→ Supplied material
-------------------------

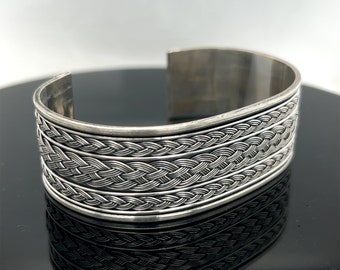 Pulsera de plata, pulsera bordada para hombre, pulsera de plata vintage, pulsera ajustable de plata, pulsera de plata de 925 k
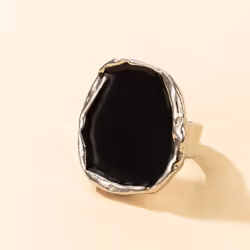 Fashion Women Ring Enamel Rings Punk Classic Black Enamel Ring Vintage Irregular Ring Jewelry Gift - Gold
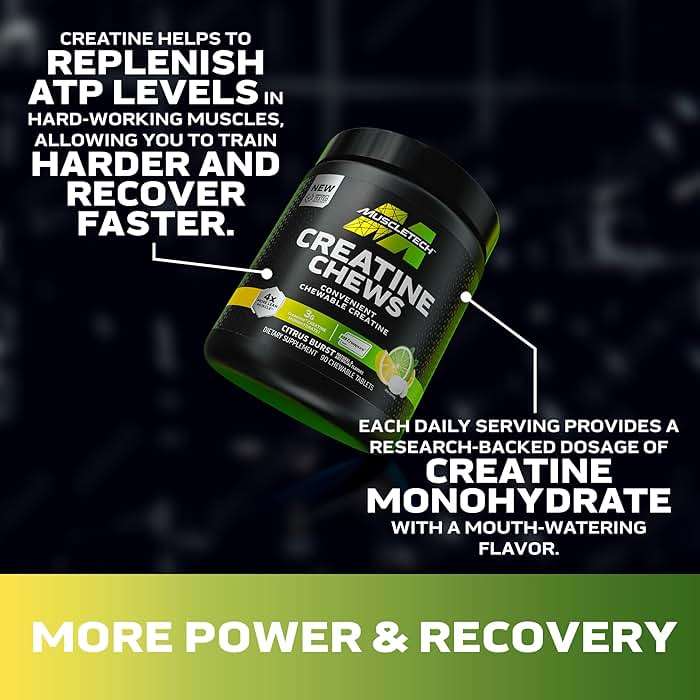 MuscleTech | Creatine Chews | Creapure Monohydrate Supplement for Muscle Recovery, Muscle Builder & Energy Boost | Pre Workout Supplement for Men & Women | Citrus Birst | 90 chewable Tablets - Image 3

-------------------------

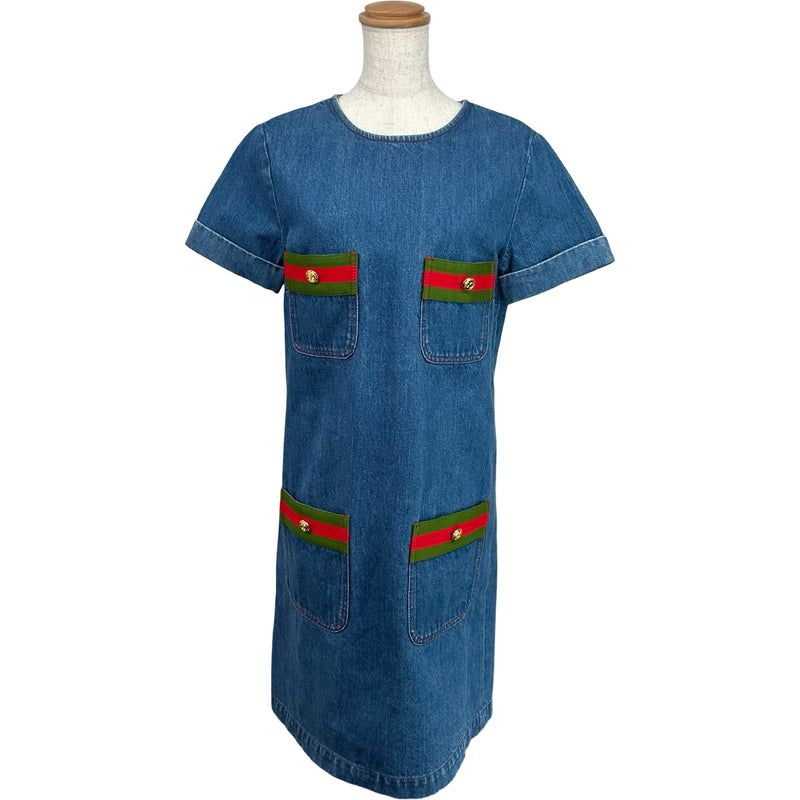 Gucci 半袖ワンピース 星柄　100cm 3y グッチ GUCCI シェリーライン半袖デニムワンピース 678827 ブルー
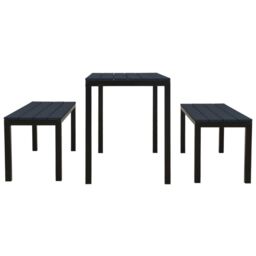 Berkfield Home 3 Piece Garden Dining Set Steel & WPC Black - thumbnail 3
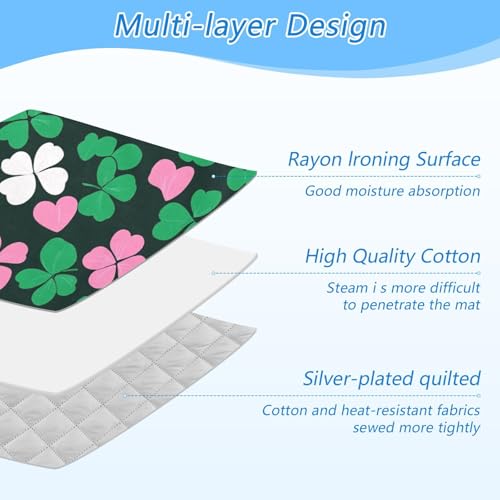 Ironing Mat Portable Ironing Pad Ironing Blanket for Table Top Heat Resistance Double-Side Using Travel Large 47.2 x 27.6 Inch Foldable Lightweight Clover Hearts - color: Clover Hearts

-------------------------

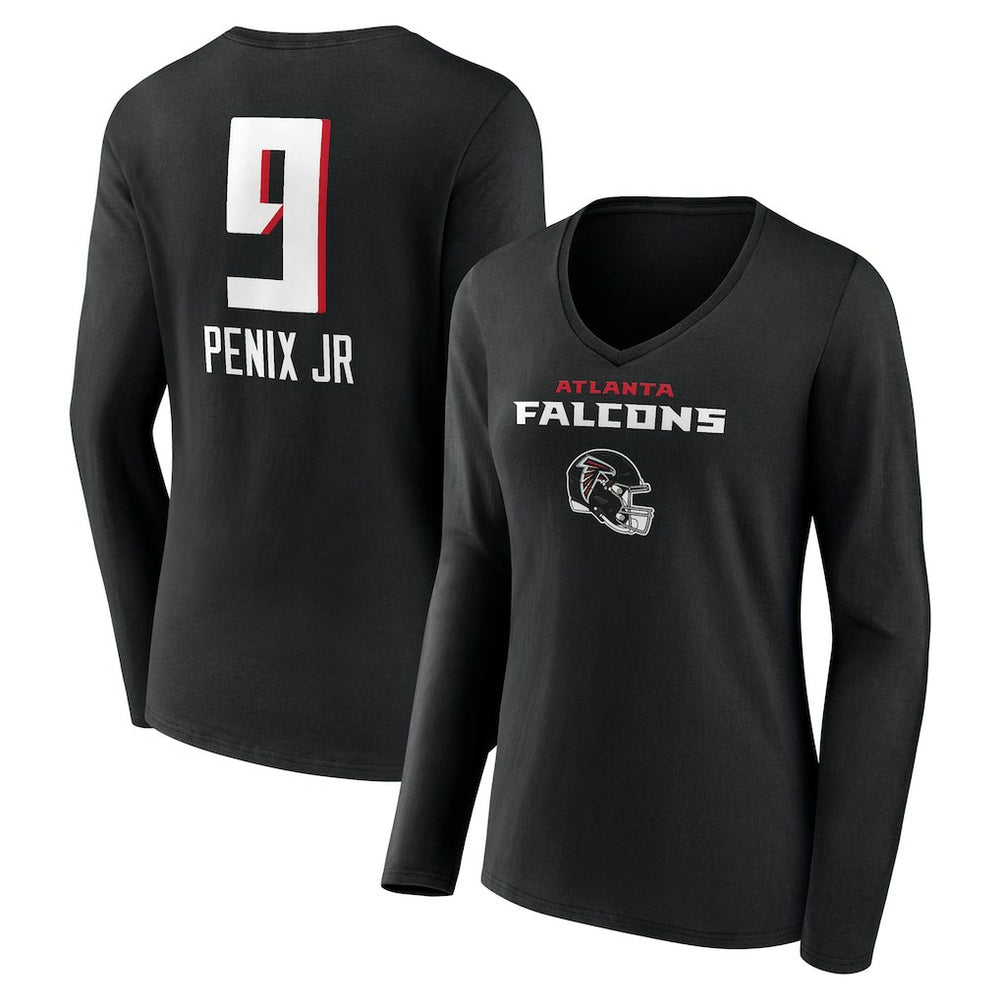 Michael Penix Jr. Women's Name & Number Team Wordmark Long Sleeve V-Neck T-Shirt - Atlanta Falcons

-------------------------

→ Problem description
With the pictures omitted, copy exactly the lines of the listing above starting at the line containing "Pulsera de plata, pulsera" and ending at the line containing "MuscleTech | Creatine", both included.

→ Answer to this exercise
 Pulsera de plata, pulsera bordada para hombre, pulsera de plata vintage, pulsera ajustable de plata, pulsera de plata de 925 k
 Fashion Women Ring Enamel Rings Punk Classic Black Enamel Ring Vintage Irregular Ring Jewelry Gift - Gold
 MuscleTech | Creatine Chews | Creapure Monohydrate Supplement for Muscle Recovery, Muscle Builder & Energy Boost | Pre Workout Supplement for Men & Women | Citrus Birst | 90 chewable Tablets - Image 3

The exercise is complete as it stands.